Pertanaman HTI dengan clone memang memiliki konsekuensi sebagai berikut :
  1. Membutuhkan infrastruktur Nursery yang lebih lengkap dan lebih mahal dibanding dengan Nursery generatif/benih (misalnya harus ada Green house untuk  pohon pangkas -stool plants, harus ada rooting house yang dilengkapi sprinkler yang mengendalikan kelembaban, membutuhkan instalasi irigasi yang lebih kompleks )
  2. Membutuhkan penanganan intensif di Nursery misalnya sterilisasi single tube (container), sterilisasi media , sterilisasi pekerja, dan sterilisasi lokasi Nursery.
  3. Pertanaman dengan clone membutuhkan perencanaan yang lebih matang terutama untuk memadukan clone dengan lahan yang ada ( Site x Clone Interaction) . Clone sangat berinteraksi dengan kondisi lahan, sehingga salah penemapatan clone akan membuat hasil yang tidak sesuai dengan rencana. Hasil penelitian menunjukkan dengan jenis tanah yang berbeda maka clone   juga menunjukkan pertumbuhan yang berbeda. 
  4. Clone membutuhkan tindakan silviculture yang lebih intensif, misalnya membutuhkan pemupukan yang lebih tinggi dan weeding yang lebih intensif . Kealpaan atau keterlambatan terhadap kegiatan pemiliharaan dapat berakibat sangat negatif terhadap pertumbuhan clone. 
  5. Clone membutuhkan monitoring serangan hama dan penyakit yang lebih intensif karena penularan suatu penyakit akan sangat cepat karena genetik clone seragam, termasuk penanganan di Nursery. 
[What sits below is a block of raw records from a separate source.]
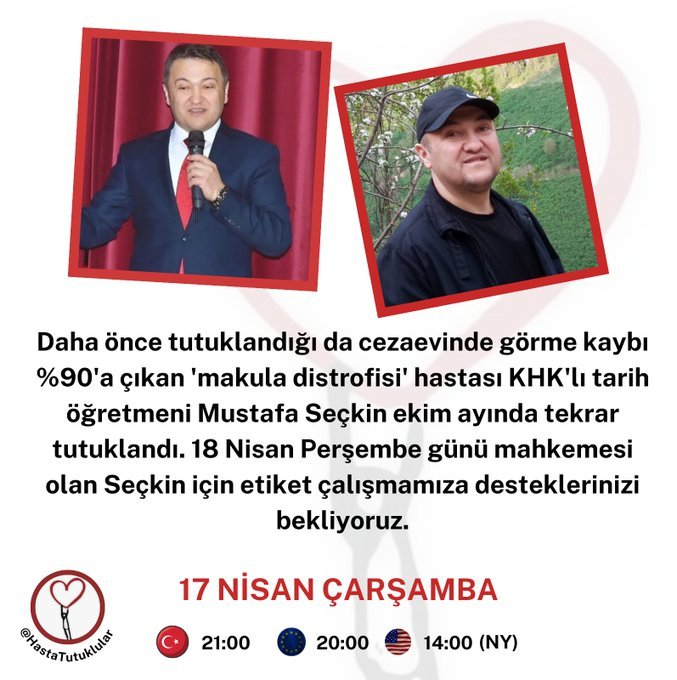 %90 görme engelli Mustafa Seçkin cezaevinde @Cemrebirand1 @gergerliogluof MustafaSeçkine Tahliye
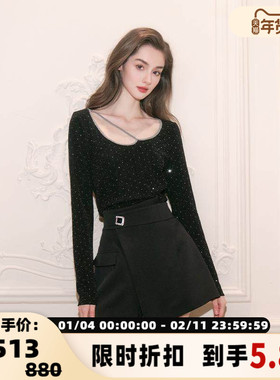 FLONAKED 秋冬黑色百搭一颗钻扣装饰裤裙银泰百货精品 300170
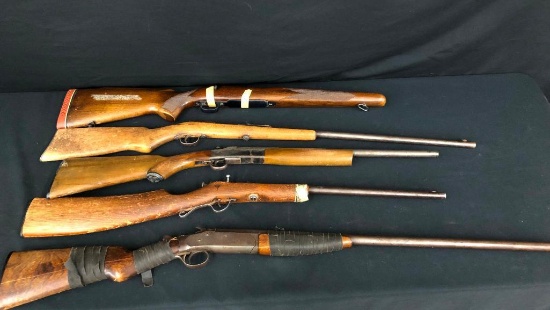 Group of Four Miscellaneous Guns and a Stock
  6. Membutuhkan tingkat pemahaman tentang clone  dan disiplin staff/ pekerja yang lebih tinggi dibandingkan dengan pertanaman dengan benih.  Disiplin maksudnya adalah ketaatan dalam mengikuti Standar Operating Procedure (SOP). 
  7. Membutuhkan koordinasi dan kerjasama antar bagian yang lebih baik karena penanaman clone membutuhkan ketepatan dalam berbagai hal misalnya ketepatan lokasi, ketepatan waktu, ketepatan ukuran dan standar bahan seperti pupuk, herbisida, dsb

Bagaimanapun konsekuensi itu, apabila kita mau bekerja keras melaksanakan,  rasanya tidak akan menemukan kesulitan yang berarti dan hasil yang diperoleh dengan clonal forestry juga akan seimbang. Perusahaan-perusahaan HTI yang besar di dunia yang  mengembangkan clone Eucalyptus juga menghadapi konsenkuensi yang sama, dan mereka bisa berhasil. Perusahaan-perusahaan di Amerika Latin (seperti di Brazil, Argentina, Venezuela, Colombia, Chile, Uruguay, dsb) , Afrika Selatan , Austalia, Portugal, New Zealand , India, dan China sudah lama mengembangkan clonal forestry Eucalyptus dan Pinus menjadi andalannya.